If communities are to invest significant time, effort and emotional commitment in neighbourhood planning then it can’t be right that a planning application which cuts across everything that has been agreed can be granted by the local planning authority with no right of redress on the planning issues which are raised.

One option would be to bar any departure applications from being submitted and require agreement to be secured for the plan to be amended first. This would also be an incentive to produce a neighbourhood plan. We can see some practical problems with this option and there may be cases where everyone is in agreement with the proposed development and the application process would be preferable to a plan amendment.

Our preferred option would be a carefully defined community right of appeal against such "departure applications". The numbers are small (only 0.15% of the six million planning applications in the last decade were departures) and it would also improve the quality of local authority decision making as reasons for granting as well as refusing permission would have to be clearly expressed. Only those who objected to the planning application would be eligible to appeal and local authorities are already required to identify departure applications for the purposes of deciding on the level of publicity to be given. A community right of appeal might even be combined with the removal of the Secretary of State’s call in powers on the grounds that a more active civil society will ensure all relevant applications are subjected to necessary scrutiny, including through exercising a community right of appeal.

Protecting local services

The importance of a diverse range of local shops and services was identified as one of the most important contributors to what makes places enjoyable and people proud to live there in the results of Civic Voice’s Love Local survey (www.civicvoice.org.uk/campaigns/love-local) in 2010. This also identified the loss of independent shops as one of the main things at risk.

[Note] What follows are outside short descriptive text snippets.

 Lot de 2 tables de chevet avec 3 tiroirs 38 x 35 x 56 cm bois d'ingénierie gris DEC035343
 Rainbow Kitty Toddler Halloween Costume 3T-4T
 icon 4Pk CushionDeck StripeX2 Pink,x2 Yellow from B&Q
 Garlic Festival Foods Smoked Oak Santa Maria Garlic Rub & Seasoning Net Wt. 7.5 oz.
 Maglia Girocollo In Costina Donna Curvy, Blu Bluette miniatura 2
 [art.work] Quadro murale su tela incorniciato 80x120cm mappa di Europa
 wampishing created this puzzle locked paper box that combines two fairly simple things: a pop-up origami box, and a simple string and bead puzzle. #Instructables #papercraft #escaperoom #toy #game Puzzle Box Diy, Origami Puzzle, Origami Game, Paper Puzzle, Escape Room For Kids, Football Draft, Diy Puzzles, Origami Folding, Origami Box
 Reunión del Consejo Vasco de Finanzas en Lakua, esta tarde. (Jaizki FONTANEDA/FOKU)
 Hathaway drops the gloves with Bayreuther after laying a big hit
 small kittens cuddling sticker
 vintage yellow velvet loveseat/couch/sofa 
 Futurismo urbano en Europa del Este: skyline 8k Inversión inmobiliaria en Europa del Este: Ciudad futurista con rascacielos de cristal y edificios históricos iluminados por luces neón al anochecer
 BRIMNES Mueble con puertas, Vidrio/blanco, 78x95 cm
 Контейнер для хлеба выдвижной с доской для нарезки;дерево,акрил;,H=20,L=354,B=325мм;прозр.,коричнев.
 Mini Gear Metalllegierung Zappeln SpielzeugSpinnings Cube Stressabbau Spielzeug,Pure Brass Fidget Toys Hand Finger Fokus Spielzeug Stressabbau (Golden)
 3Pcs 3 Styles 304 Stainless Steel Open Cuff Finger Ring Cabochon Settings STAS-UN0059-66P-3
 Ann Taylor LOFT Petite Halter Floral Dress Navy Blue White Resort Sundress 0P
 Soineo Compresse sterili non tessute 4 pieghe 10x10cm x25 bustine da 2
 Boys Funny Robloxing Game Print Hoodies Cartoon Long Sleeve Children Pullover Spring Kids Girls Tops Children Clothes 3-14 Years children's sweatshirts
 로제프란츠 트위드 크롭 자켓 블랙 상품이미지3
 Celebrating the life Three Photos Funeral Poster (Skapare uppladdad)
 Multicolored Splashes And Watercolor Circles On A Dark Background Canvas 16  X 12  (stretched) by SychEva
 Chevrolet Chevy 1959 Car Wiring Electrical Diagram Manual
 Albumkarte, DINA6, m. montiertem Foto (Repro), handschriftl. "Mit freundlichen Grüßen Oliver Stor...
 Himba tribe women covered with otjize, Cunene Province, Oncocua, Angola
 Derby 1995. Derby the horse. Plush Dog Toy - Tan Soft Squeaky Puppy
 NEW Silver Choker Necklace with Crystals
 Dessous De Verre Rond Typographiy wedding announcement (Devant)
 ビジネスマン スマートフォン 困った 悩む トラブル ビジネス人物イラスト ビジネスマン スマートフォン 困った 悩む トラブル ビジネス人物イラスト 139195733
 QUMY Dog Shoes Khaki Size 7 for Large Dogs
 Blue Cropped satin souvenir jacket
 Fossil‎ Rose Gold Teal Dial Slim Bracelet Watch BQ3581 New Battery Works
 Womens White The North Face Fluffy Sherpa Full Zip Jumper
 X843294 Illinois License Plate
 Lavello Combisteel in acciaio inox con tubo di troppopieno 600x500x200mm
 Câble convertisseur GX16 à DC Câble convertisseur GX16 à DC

Civic Voice believes the planning system should play a more supportive role in protecting essential local shops and services and giving communities more of a say over what happens in their High Streets and street corners. Currently a local butcher or greengrocer can become another multinational coffee shop without the need to apply for planning permission. We support a change to the Use Classes Order which introduces a new category of essential shops – such as bakers, greengrocers and butchers – and services – such as pubs and post offices - or makes them sui generis by placing them outside the use classes altogether. This means that express planning consent would be needed to change use.

We welcome the Private Members Bill introduced by Nigel Adams MP and widely supported in Early Day Motion 1009 and hope its provisions can be included in the final legislation.